Material for the task.
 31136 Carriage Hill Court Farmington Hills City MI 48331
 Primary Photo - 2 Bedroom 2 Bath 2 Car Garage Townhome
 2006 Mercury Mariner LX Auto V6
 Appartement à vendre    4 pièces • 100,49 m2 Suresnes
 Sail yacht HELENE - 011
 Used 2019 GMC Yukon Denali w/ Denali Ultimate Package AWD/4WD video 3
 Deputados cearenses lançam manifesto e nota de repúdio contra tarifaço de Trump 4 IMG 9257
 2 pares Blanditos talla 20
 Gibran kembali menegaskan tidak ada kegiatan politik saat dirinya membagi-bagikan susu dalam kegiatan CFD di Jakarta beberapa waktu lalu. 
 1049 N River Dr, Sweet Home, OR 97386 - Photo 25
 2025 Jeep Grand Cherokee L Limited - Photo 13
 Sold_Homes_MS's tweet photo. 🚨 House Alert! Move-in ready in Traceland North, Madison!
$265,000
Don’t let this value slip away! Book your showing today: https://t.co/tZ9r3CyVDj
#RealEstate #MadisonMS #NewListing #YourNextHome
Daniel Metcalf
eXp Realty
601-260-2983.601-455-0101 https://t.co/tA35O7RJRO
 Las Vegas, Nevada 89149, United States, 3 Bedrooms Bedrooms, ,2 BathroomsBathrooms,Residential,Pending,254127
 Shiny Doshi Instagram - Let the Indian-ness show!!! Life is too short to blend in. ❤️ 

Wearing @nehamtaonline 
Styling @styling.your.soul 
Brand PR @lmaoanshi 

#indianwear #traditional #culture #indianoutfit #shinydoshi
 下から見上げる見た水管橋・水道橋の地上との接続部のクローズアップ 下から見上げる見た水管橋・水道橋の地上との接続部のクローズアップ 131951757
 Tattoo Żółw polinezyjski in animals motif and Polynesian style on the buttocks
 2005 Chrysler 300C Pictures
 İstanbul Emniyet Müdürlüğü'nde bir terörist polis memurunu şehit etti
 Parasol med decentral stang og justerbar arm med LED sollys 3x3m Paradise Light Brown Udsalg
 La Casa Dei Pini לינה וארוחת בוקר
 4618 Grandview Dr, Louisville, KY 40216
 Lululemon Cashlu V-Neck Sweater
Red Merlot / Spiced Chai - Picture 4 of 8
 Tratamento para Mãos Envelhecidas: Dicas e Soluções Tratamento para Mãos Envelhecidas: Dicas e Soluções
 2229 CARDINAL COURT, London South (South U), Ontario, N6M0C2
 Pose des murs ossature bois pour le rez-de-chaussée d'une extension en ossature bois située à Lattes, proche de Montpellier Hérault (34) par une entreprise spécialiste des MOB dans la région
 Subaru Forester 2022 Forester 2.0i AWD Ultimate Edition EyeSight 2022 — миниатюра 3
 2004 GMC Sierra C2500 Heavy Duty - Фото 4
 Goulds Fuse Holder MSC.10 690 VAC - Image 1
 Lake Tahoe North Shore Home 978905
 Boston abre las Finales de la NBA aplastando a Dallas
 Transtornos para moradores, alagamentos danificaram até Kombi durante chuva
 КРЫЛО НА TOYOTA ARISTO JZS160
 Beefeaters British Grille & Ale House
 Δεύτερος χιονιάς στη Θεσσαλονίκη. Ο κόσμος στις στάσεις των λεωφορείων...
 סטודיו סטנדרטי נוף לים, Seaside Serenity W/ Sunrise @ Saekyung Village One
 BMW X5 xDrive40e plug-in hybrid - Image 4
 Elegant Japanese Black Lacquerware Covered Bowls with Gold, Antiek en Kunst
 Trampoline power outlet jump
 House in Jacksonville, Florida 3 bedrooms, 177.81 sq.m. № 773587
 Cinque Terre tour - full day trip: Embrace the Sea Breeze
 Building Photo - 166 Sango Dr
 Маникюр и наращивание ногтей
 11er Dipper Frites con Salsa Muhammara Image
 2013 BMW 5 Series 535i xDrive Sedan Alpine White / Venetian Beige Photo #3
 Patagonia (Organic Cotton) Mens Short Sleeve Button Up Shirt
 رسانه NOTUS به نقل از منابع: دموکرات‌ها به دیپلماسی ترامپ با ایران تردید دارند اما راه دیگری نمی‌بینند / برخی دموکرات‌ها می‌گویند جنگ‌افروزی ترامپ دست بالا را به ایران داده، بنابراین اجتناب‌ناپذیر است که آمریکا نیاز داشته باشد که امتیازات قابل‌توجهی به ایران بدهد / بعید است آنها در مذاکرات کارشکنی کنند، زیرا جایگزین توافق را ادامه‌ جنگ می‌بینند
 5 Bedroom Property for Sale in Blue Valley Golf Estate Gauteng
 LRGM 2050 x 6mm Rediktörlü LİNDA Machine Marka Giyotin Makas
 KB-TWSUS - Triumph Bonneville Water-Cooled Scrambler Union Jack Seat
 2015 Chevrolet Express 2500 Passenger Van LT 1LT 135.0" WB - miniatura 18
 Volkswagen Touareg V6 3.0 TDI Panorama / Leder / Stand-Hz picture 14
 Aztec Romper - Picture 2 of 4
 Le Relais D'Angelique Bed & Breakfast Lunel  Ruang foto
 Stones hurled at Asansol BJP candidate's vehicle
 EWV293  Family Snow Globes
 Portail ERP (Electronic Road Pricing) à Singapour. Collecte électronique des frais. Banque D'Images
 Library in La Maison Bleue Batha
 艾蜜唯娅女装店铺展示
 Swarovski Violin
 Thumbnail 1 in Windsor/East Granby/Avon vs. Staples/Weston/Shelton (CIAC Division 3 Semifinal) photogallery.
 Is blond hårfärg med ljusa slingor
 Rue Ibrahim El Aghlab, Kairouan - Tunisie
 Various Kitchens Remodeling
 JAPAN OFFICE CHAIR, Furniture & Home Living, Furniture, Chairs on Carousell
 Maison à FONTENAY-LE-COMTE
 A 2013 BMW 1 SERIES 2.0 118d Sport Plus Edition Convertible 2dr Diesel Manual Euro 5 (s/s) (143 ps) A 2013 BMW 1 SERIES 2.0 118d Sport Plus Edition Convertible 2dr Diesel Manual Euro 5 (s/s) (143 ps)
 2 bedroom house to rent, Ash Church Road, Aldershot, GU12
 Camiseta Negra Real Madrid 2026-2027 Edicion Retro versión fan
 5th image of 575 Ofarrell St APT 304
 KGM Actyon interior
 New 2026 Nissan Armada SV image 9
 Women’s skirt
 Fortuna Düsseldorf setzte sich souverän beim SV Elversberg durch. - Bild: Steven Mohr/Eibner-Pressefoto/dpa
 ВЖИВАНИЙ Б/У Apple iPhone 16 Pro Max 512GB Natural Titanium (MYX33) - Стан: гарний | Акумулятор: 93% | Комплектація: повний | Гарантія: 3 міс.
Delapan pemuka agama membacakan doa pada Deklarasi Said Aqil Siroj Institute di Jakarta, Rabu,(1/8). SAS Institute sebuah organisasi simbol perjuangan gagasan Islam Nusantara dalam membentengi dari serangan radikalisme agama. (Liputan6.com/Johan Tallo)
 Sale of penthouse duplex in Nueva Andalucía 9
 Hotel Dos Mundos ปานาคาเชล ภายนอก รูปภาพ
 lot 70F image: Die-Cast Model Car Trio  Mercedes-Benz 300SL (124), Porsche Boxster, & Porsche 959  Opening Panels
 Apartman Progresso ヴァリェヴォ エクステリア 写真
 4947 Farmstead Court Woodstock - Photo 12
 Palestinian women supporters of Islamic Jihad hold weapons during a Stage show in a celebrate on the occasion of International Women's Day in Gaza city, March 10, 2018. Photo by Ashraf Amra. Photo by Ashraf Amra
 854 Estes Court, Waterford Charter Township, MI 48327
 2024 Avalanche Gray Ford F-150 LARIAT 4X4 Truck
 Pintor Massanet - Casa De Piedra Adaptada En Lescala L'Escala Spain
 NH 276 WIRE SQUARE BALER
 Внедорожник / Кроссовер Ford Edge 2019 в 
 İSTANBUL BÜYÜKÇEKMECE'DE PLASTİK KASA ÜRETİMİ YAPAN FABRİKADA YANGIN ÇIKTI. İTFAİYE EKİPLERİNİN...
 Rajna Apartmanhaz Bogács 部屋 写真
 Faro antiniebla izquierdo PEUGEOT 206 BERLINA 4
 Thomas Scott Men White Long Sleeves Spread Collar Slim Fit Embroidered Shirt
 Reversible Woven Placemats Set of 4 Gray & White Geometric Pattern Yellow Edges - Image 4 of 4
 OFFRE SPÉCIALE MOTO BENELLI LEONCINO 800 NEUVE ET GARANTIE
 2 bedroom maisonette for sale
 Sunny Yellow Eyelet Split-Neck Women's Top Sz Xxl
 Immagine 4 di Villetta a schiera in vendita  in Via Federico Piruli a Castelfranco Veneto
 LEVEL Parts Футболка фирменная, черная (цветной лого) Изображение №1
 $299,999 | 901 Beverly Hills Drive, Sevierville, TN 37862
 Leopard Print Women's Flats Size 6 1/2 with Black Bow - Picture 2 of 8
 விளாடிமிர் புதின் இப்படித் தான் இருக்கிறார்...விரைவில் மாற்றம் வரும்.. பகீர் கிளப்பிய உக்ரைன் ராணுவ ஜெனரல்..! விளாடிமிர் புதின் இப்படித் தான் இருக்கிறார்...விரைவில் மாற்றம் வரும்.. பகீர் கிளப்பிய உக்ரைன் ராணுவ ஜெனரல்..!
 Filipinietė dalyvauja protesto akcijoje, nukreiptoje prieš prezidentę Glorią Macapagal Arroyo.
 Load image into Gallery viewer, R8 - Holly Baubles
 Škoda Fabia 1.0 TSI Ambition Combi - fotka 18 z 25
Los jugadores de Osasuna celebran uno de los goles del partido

Requirement.
In the data above, start at the line that has "KB-TWSUS - Triumph", stop after the line that has "Stones hurled at", and print every line in between exactly as it stands.

Task solution.
 KB-TWSUS - Triumph Bonneville Water-Cooled Scrambler Union Jack Seat
 2015 Chevrolet Express 2500 Passenger Van LT 1LT 135.0" WB - miniatura 18
 Volkswagen Touareg V6 3.0 TDI Panorama / Leder / Stand-Hz picture 14
 Aztec Romper - Picture 2 of 4
 Le Relais D'Angelique Bed & Breakfast Lunel  Ruang foto
 Stones hurled at Asansol BJP candidate's vehicle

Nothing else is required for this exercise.